McConnell made his claim in a Senate floor speech delivered Tuesday morning. According to McConnell, when President Obama signed the legislation creating the sequester in the summer of 2011, he agreed to take revenue increases off the table:
In essence, the deal we struck was that, in exchange for avoiding a second vote before the election, the debt limit would be paired with spending cuts only, and would not involve a tax increase.
Therefore, McConnell said, "any effort to bring taxes into the picture now is just a ploy to move the goal posts."
As you'll see below the fold, however, McConnell is the one moving the goal posts by insisting on a cuts-only replacement of the sequester. In fact, in 2011, McConnell said the GOP had proposed a "package of spending cuts and revenue."

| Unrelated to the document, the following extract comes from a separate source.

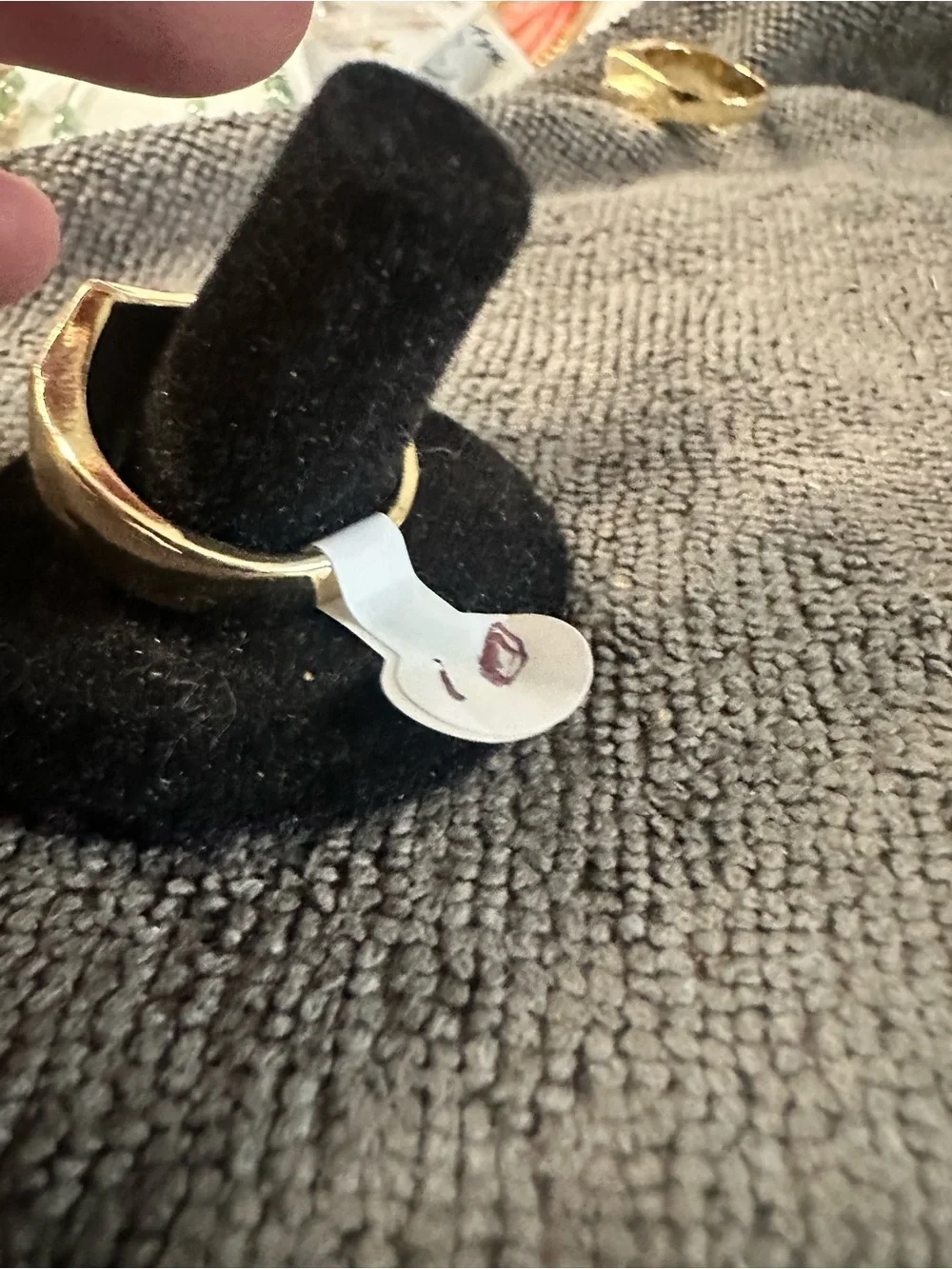 Gold and Black Hexagon Signet Ring - Men's Accessory size 10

As you may recall, the legislation that created the sequester also created a deficit reduction super committee that was tasked with developing a plan to replace the sequester by November 2011. McConnell was given three seats to fill on that committee, and when he named his appointees, he didn't say that revenue was off the table. In fact, he explicitly said that "reforming the tax code" had to be part of the plan "to get our nation's fiscal house in order."

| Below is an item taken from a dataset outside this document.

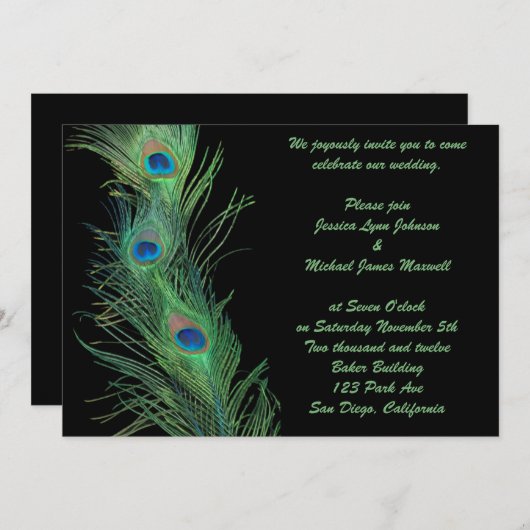 Invitation Plumes vertes avec le mariage noir (Devant / Derrière)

Then, in November 2011, after the deficit reduction super committee failed to agree on a sequester-replacement, McConnell said that Republicans had proposed revenue increases, only to have Democrats reject them:
This fact was underscored in the final hours of negotiations by their refusal to accept even a basic package of spending cuts and revenue that they had already agreed to during previous debt-limit negotiations—unless they were accompanied by a tax hike on the very people Americans are counting on to create the jobs we desperately need. Not even a proposal to get rid of a tax deduction for corporate jet owners, something Democrats had previously eyed as a major prize, was enough to move them off their puzzling insistence on taxing job creators in the middle of a jobs crisis.
McConnell wasn't merely leaving the door open to additional revenue, he was claiming that Republicans had put revenue on the table—including closing "a tax deduction for corporate jet owners." The problem, he said, was that Democrats were insisting on raising tax rates.

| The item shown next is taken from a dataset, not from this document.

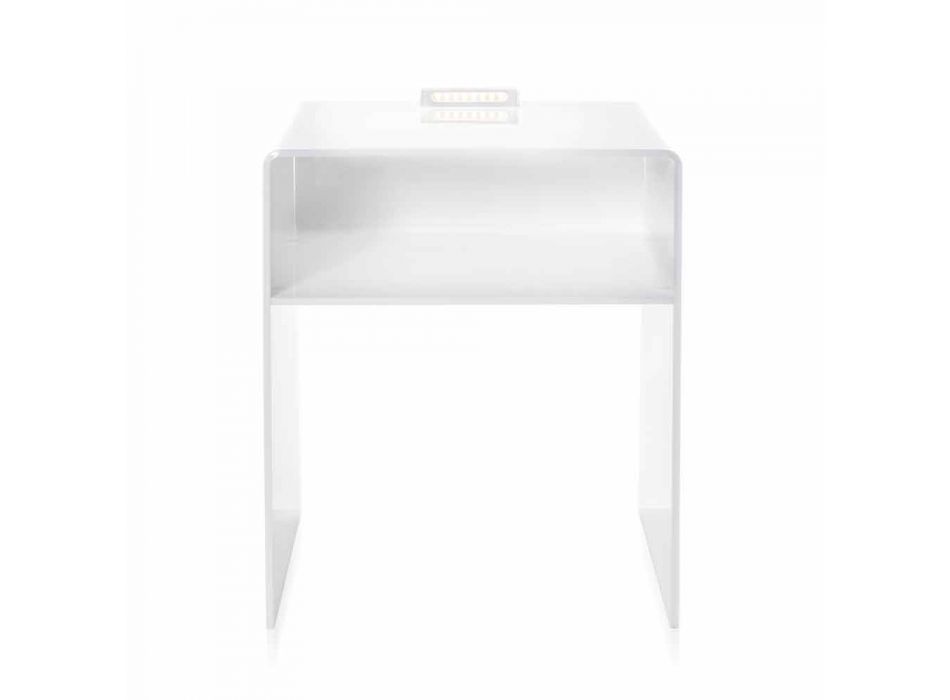 Biały stolik nocny z oświetleniem dotykowym LED Adelia Viadurini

But even though McConnell may have been drawing a line against tax hikes on individuals, he wasn't just willing to support additional revenue, he was accusing Democrats of rejecting it as insufficient. The debate wasn't about whether revenue should be part of the deal—it was about how much revenue should be part of the deal.
Now, even though he was once in favor of including revenue as part of the sequester replacement, McConnell says revenue is off the table. That's the textbook definition of moving the goal posts. And when McConnell says the plan all along was for a cuts-only replacement, his own words from 2011 don't back up the claim.
It's not just McConnell of 2011 versus McConnell of 2013, either. As you might remember, the tax cliff deal reached at the end of last year replaced the first two months of the sequester with smarter deficit reduction measures. And yep, you guessed it: Those deficit reduction measures were equally divided between revenue and spending. That's something Mitch McConnell should know. After all, he voted for it.